And later a war of words of fake video, a call for prayers and intervention for a man who insist on his stability and genius.  A look back at a rougher than usual week in our nation`s capitol now in its final hour.  The 11th Hour just getting started on a Friday night.

(COMMERCIAL BREAK)

(BEGIN VIDEO CLIP)

UNIDENTIFIED FEMALE:  Are you going to talk to Theresa May about the five eyes spying into your campaign.

TRUMP:  I may very well talk to her about that.  Yes, there`s word and rumor that the FBI and others were involved, CIA were involved with the UK having to do with the Russian hoax.  That I may very well talk to her about that, yes.

(END VIDEO CLIP)

WILLIAMS:  So Trump`s decision to give the attorney general this brewed new authority to declassify government secrets is raising a number of alarms in the real world intelligence community about exposure of sources and methods while potentially putting the CIA on a collision course with our own Justice Department.  The directive may also impact how we work with our allies, the so-called collection of five eyes.
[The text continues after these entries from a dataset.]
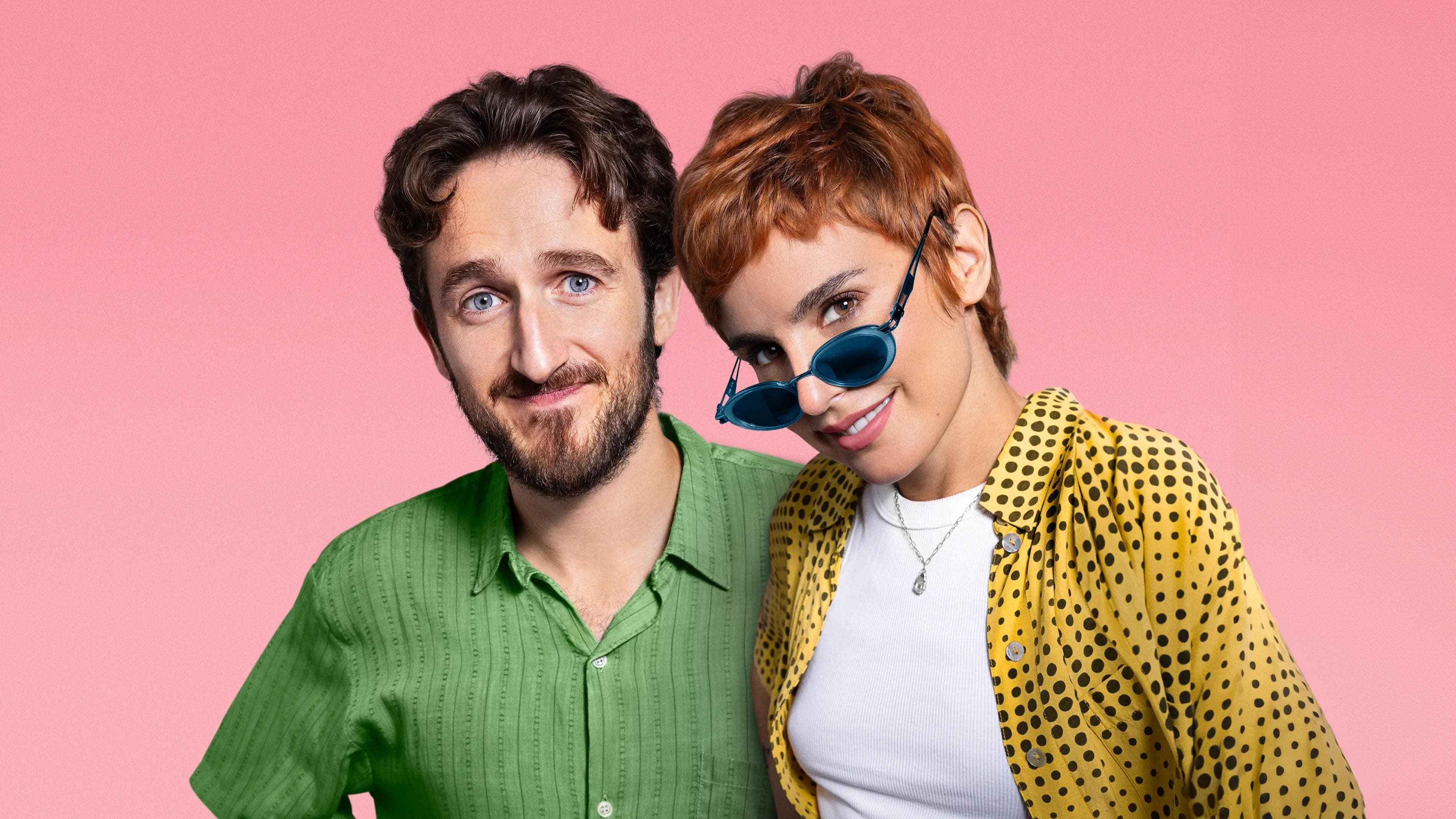 '러브 유 투 데스' - Love You to Death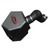 Volant 164596 Closed Box Air Intake PowerCore Filter for 03-07 Dodge Ram 2500/3500 5.9L Cummins 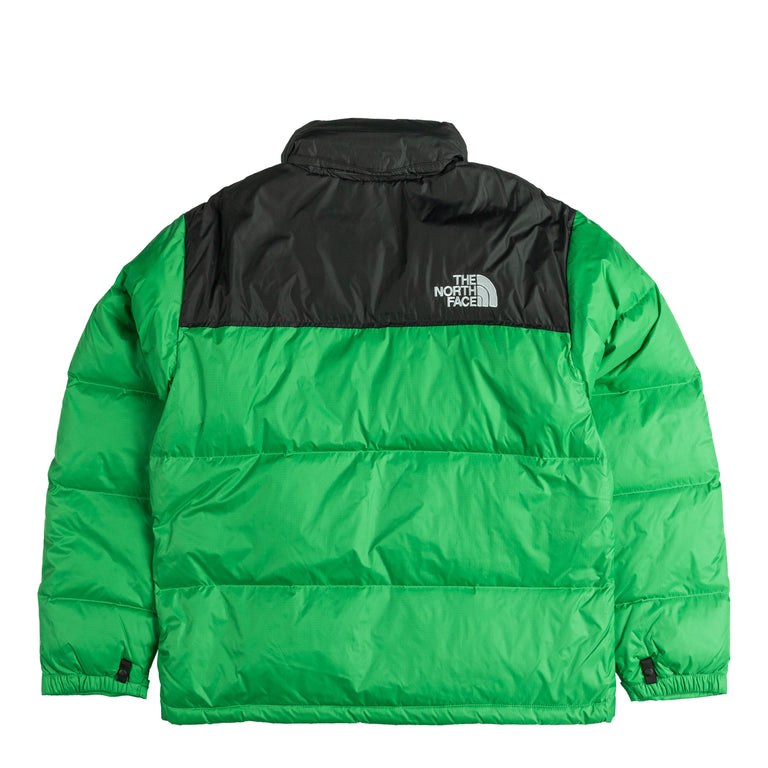 The North Face 1996 Retro Nuptse Jacket Apparel Buy online now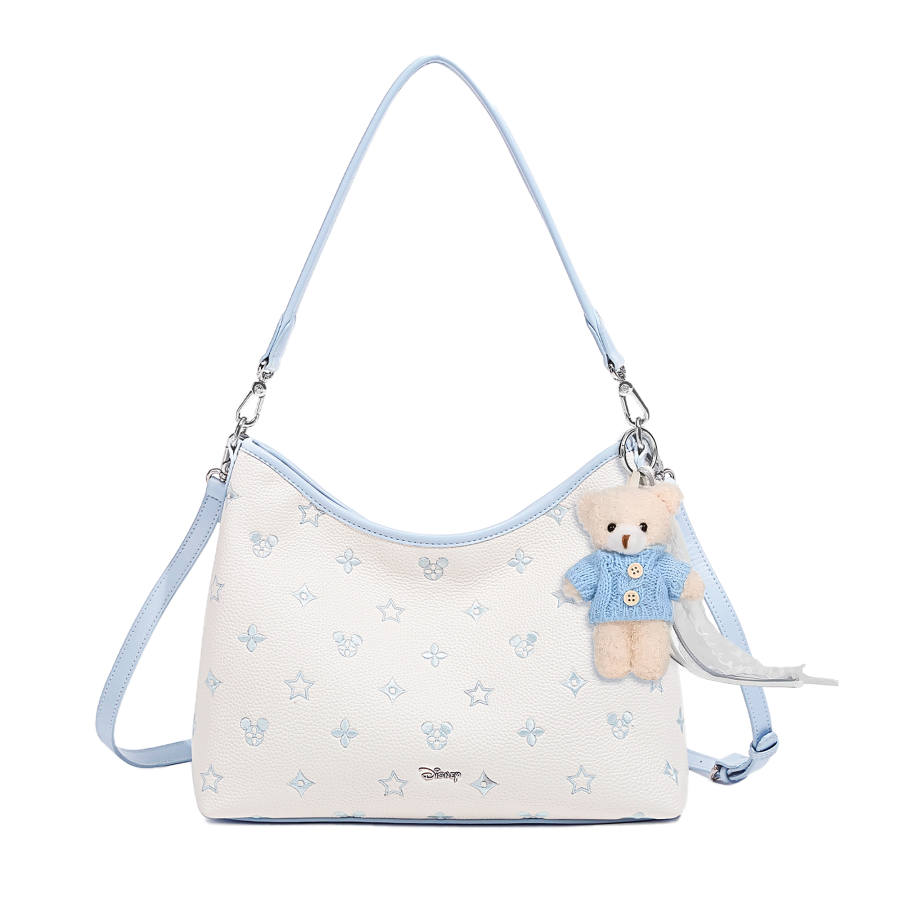 Disney Disney Princess Shoulder Bags
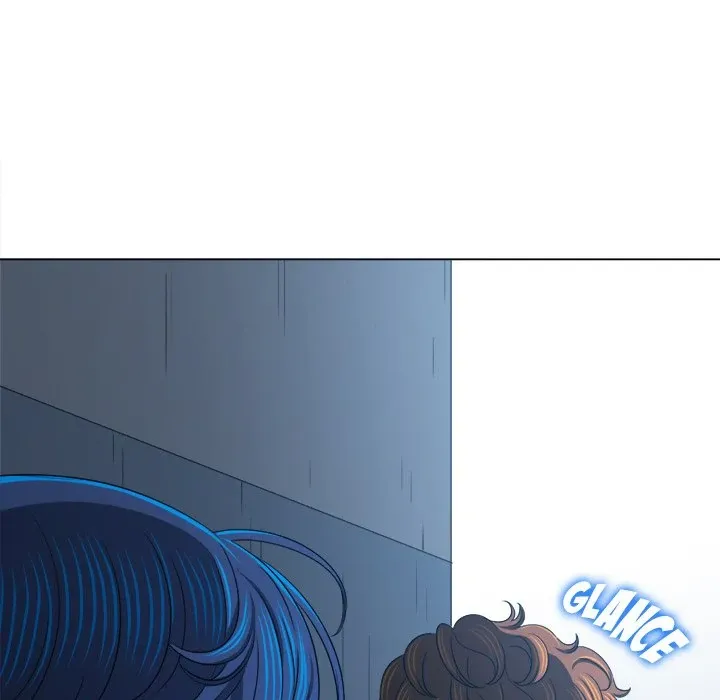 My High School Bully Chapter 197 page 189 - 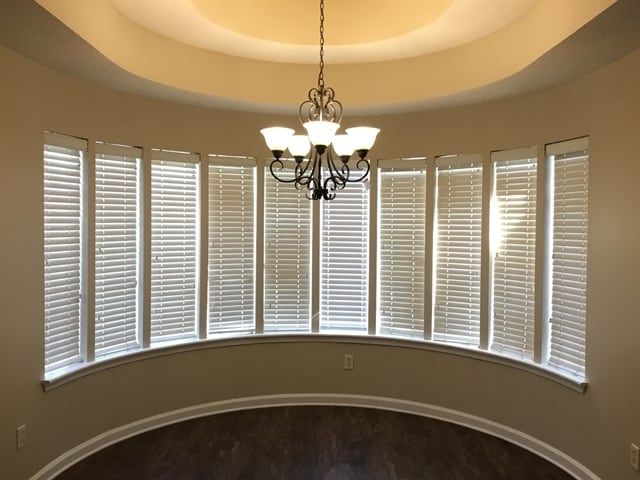 4920 Misty River Rd in Bartlett, TN - Foto de edificio - Building Photo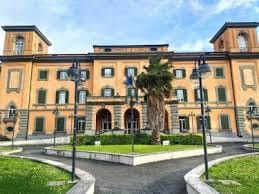 precoce: progetto pilota del Ceinge
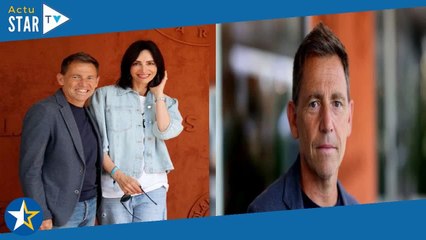 “Arrête de chouiner”  Daniel Riolo très agacé, il se lâche sur RMC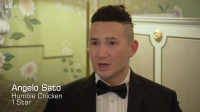 MasterChef The Professionals S17E19 1080p HEVC x265-MeGusta EZTV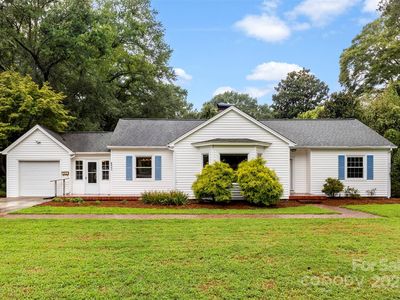 803 Townsend Ave, Gastonia, NC, 28052
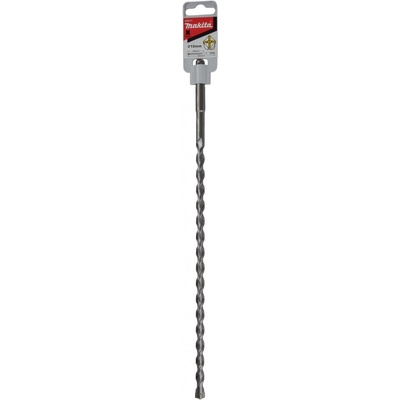 Makita B-62717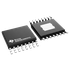 UCD8220QPWPRQ1|TI|simage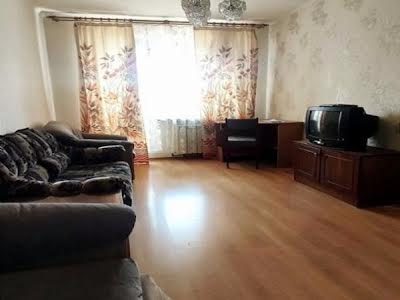 квартира за адресою Героїв Харкова просп. (Московський), 250в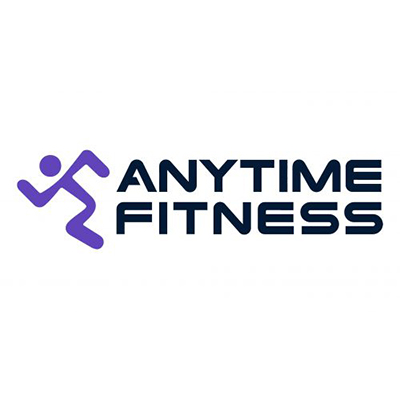 Anytime Fitness Franchising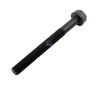 SURUB DT SPARE PARTS 4.40273 - Piesa auto compatibila cu mai multe marci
You just heard a moment ago refers to the agreement between Australia, Canada, New Zealand, U.K. and U.S.  The best of friends at least they were to share intelligence.  This is how one former FBI official described what information getting into the wrong hands could mean.

(BEGIN VIDEO CLIP)

JAMES BAKER, FORMER FBI GENERAL COUNSEL:  It`s damage to prior sources.  It`s damage to current sources and its damage to potential future sources.  Because who wants to become a source of the United States if we can`t keep a secret.

(END VIDEO CLIP)

WILLIAMS:  Counterintelligence of the FBI Frank Figliuzzi has remained with us for just this conversation.  Frank, simple question who`s going to want to share information with us after this?

FIGLIUZZI:  This is the greatest concern is that whether he -- he`s doing this deliberately or not, the President may be dismantling our allied relationship within the five eyes.  And I cannot emphasize enough, Brian how essential it is to have friends in the world.  Friends who have our back and we have their back and understand the relationship is that we don`t spy on each other in this pack of countries and we share virtually everything with each other.  And if we see a threat to one country, we share that information and work to counter that threat for our friends.

If indeed the President wants to expose the fact that the UK helped the U.S intelligence community spot and work a threat, perhaps Russia in our campaign for President, if he wants to attack the fact that an Australian diplomat reported to us that George Papadopoulos told him that the Russians were supporting the Trump campaign, then he -- he could go about dismantling this very crucial intelligence relationship.  And that erodes our national security.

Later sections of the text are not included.